• _Your instructions_:
From the entries that follow, copy exactly the lines beginning at the line holding "Quy mô nhà máy" and continuing through the line holding "Tenke Trata Joven Ba Rai Liur Ho Dignidade".

• _Given entries_:
◆ ◆ ◆ ◆ ◆

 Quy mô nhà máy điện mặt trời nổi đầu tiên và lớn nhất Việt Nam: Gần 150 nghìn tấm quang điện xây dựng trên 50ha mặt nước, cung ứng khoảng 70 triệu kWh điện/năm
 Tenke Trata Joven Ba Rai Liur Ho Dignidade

◆ ◆ ◆ ◆ ◆

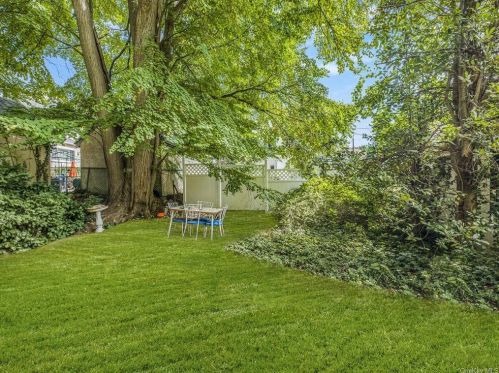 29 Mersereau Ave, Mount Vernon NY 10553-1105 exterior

◆ ◆ ◆ ◆ ◆

• _Your solution_:
 Quy mô nhà máy điện mặt trời nổi đầu tiên và lớn nhất Việt Nam: Gần 150 nghìn tấm quang điện xây dựng trên 50ha mặt nước, cung ứng khoảng 70 triệu kWh điện/năm
 Tenke Trata Joven Ba Rai Liur Ho Dignidade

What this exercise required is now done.